Continuing my current trajectory, some of the topics that are of greatest interest for graduate studies are deep learning for NLP, finding optimal feature selection and reduction strategy for problems, building scalable machine learning solutions and combining linked open data principles with NLP. Besides these areas, there are many problems that have caught my attention, and one of the most intriguing is robo-writing, where we use machine learning to generate human-like written text. XXX was particularly interested in using this approach to convert SEC filings into text articles. I was deeply inspired by Andrej Karpathy's char-RNN, where he uses a multi-layer recurrent neural network that learns to predict the next character in a sequence. Considering the revolution this will create in the publishing industry, I want to contribute toward an efficient solution to this problem. Word embedding in NLP also fascinates me, and I would like to work with one of its novel extensions, namely Thought Vectors.

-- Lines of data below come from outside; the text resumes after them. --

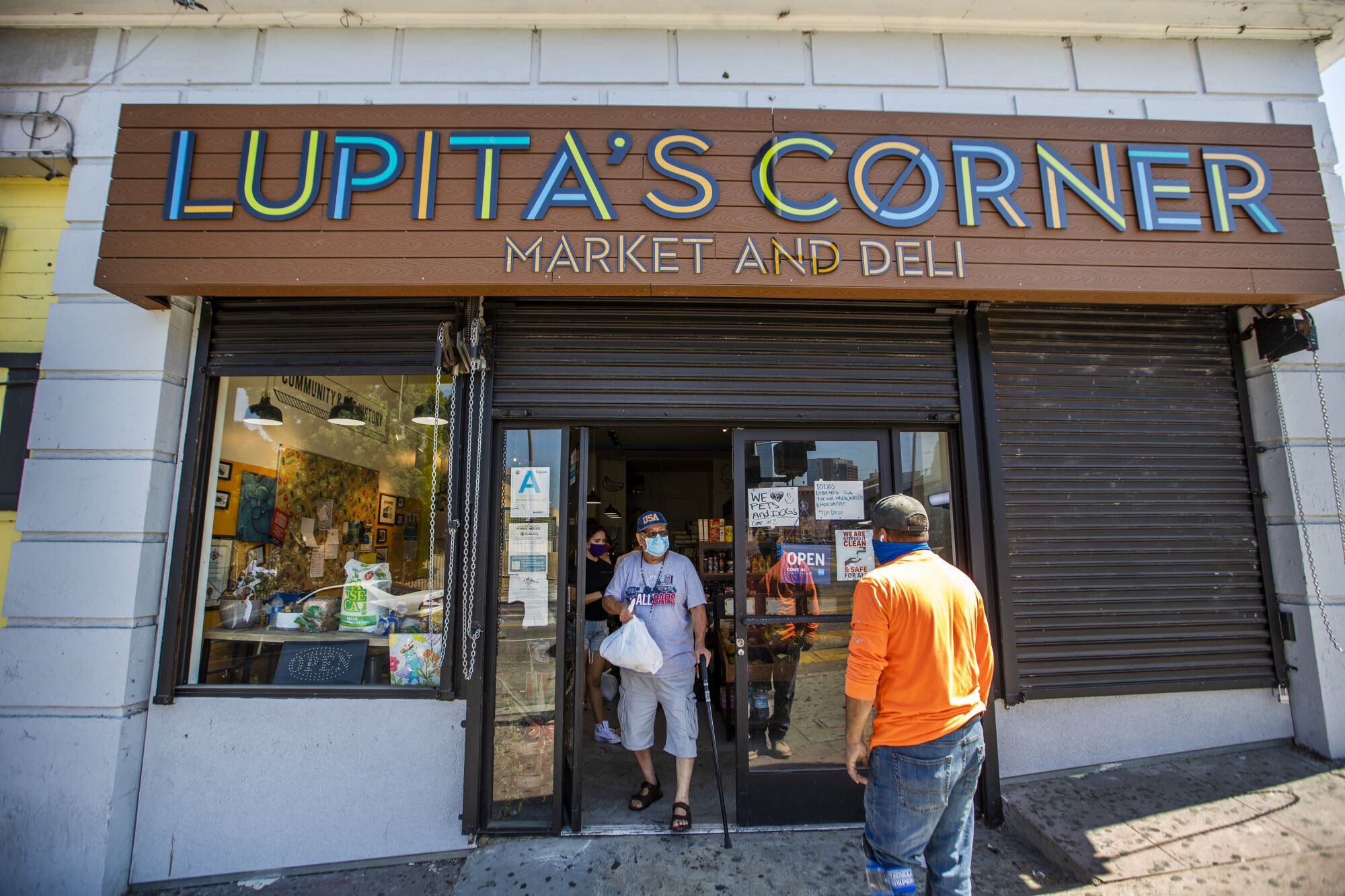 A neighborhood resident receives donated groceries at Lupita's market. 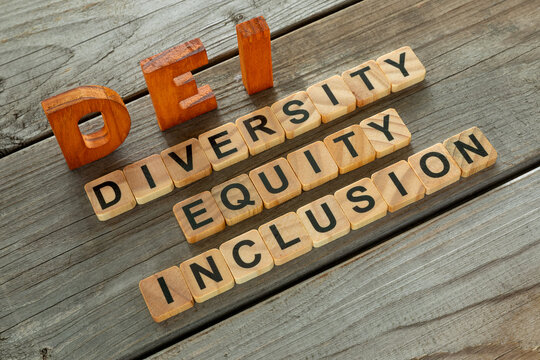 The acronym DEI and its individual words. A concept of diversity, equality and inclusion, aiming to create fair, safe work environment for everyone regardless of personal characteristics.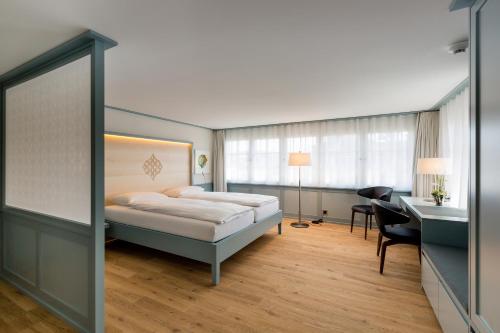 a hotel room with a bed and a desk and a desk at Hotel Krone Speicher in Speicher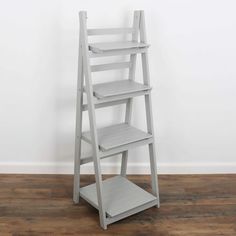 a white ladder shelf sitting on top of a wooden floor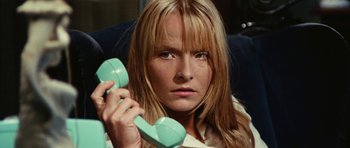 Movie still from “What Have You Done to Solange?” (1972), directed by Massimo Dallamano – A woman holding a phone up to her ear; Close Up shot, Low angle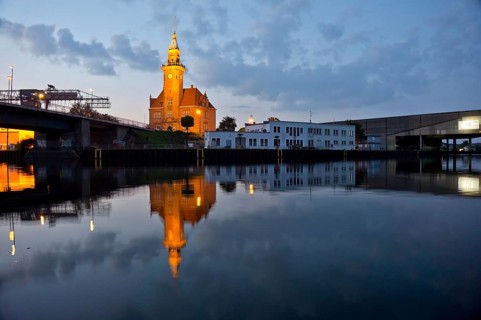 The old harbour office in the neo-renaissance style in the harbour in Dortmund at dusk, North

I am determined to gain a strong background in computer science and plan to use it to make a dent in the vast field of machine learning and natural language processing, by contributing to academic research. I understand Prof Jaime Carbonell has done significant work in the field of NLP. His work history and current pursuits have a strong convergence with my interests, and I would like to request that you consider me as a graduate research assistant under his direction. I also found Prof Taylor Berg's work, especially in Question Answering systems, highly inspiring.
To excel as a graduate student and in my later career, I possess strong problem-solving skills along with the ability to understand new ideas and implement them using the programming skills I have gained working in the industry. I plan to use the experience I gained as a Student Placement Coordinator to forge strong industry partnerships in the form of research projects and placement opportunities. I am confident that the time I spent mentoring others in college and work, would help me make a good teaching assistant. I believe the resonance of my interests and previous work with that of Language Technologies Institute at Carnegie Mellon University will help me to enrich my knowledge and make a meaningful contribution to my field.
I would like to conclude my thoughts with a timeless creed that sums up the spirit of my life: Yes, I can.
Thank you very much for your time and attention.